The Employee Provident Fund (EPF) is used as a retirement and tax planning instrument. It is mandatory for all employees earning more than Rs 15,000 a month and working in an organisation with more than 20 employees to contribute to EPF.
Is EPF interest tax-free? Earlier, the interest earned on EPF was tax-free. However, in the budget session of 2021-22, the government introduced 10(11) and 10(12) in the Income Tax Act of 1961. It will make the interest on EPF contributions taxable above a certain level.
It is calculated based on your salary. The amount is deducted from the employee’s monthly wage towards a retirement corpus and accumulated in a particular account to be released on retirement. To know your EPF contribution, use an online EPF calculator. Until recently, the interest earned on the EPF fund was tax-free, which the government has now amended to prevent higher wage earners from exploiting tax loopholes.
We will discuss the old and the new tax regime and how it will impact the tax on EPF interest.
In the old system, the interest earned on the EPF interest was tax-free. The contribution made by the employer towards employee EPF was also exempted under IT Act.
Tax exemption on the interest of EPF was available under section 80C of the IT Act 1961. Employees received tax benefits up to Rs 1.5 lakh per year. Employer contribution was tax exempted up to 12%. Beyond that, it was taxable. The interest earned on the EPF account was tax-free.

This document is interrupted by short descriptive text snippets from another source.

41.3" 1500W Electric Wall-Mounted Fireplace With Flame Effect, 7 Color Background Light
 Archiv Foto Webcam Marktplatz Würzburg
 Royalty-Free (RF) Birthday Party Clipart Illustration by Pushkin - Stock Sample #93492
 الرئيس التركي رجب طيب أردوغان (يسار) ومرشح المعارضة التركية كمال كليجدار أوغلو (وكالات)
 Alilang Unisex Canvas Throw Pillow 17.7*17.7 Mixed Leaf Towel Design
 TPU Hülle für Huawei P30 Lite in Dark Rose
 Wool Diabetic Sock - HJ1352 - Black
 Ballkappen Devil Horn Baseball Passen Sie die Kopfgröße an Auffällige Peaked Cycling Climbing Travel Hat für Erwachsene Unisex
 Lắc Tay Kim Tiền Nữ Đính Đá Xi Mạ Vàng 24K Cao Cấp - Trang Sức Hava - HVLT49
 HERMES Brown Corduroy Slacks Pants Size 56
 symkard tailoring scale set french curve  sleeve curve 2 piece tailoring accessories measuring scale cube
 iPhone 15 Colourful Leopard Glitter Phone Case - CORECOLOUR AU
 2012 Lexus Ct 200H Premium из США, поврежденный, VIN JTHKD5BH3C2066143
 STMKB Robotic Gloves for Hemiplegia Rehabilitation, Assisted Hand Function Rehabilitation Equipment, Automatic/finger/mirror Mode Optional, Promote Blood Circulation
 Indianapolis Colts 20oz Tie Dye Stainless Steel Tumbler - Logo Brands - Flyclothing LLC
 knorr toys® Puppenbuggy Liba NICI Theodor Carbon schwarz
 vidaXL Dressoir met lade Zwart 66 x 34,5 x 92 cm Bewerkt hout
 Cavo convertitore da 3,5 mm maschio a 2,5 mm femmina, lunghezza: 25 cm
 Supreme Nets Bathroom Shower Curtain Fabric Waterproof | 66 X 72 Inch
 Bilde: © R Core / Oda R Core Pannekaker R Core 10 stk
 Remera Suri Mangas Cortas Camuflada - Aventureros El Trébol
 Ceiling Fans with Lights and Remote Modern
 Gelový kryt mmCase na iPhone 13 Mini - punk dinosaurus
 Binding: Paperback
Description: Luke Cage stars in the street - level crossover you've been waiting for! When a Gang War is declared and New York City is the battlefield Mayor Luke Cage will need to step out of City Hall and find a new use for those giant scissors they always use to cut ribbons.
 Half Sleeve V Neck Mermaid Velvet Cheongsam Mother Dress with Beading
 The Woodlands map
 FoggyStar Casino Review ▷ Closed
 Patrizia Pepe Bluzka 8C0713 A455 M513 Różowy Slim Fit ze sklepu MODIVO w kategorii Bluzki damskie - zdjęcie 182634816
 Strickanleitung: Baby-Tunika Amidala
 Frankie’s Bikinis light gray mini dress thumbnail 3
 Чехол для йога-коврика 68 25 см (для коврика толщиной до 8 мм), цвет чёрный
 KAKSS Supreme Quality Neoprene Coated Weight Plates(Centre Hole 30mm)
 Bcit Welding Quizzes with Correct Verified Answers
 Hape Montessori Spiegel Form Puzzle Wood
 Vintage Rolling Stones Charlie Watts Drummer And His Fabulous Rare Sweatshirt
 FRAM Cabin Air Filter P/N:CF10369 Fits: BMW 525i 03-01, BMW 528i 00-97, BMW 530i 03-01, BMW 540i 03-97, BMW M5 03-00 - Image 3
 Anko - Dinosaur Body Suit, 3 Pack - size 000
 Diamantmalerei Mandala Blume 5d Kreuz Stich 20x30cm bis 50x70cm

In the budget session of 2021-22, the government introduced new tax laws to make the interest earned on EPF taxable. The latest changes aim to restrict high-income earners depositing over the prescribed limit from receiving unwarranted benefits.
The government has changed the highest limit for tax-free interest income for private-sector employees to Rs 2.5 lakh. Government employees, however, can deposit up to Rs 5 lakhs in the absence of employer contribution without incurring taxes. Any excess amount deposited above the prescribed limit will now be taxed. Interests earned above the threshold amount of Rs 2.50 lakh will attract 10 percent TDS.
The tax implications will be different for private and public sector employees. Let’s clear it with the help of an example.
For instance, if a private sector employee contributes Rs 5 lakh towards EPF, under the new tax rules, he will have to pay tax on the extra Rs 2.5 lakh above the cut-off limit.
However, the situation is different for a public sector employee. If a government employee contributes Rs 6 lakh, he will have to pay tax on the excess amount of Rs 1 lakh.
Under the changed scenario, employees will have a provision to open two PF accounts – one will be a taxable account, and the other is a tax-free account.
The calculation involves two parts. One can use the formula below to calculate taxable income on the EPF account.
Part 1: The closing balance on the EPF account on March 31, 2022, is less than Rs 2.5 lakh or below Rs 5 for public employees, interest accrued and interest received on the contribution is below the limit.
Part 2: Any withdrawal from the PF account.
The non-taxable contribution is the aggregate of Part 1 minus Part B.
It is the aggregate of the following components.
Part 1: Any contribution made above Rs 2.5 or Rs 5 lakh as applied and interest accrued on the contribution.
Part 2: Withdrawals from the account.
The tax on EPF interest is calculated on the difference between Part 1 and Part 2.
With the new changes in tax on EPF interest, the government aims to broaden the tax base and improve direct tax collection. It will help tax administrators to prevent high-income earners from exploiting the loopholes and increase tax collection. Try alternative investment options if you want to lower your tax burden and earn higher profit. The current PF interest rate is 8.1 percent, the lowest in 40 years.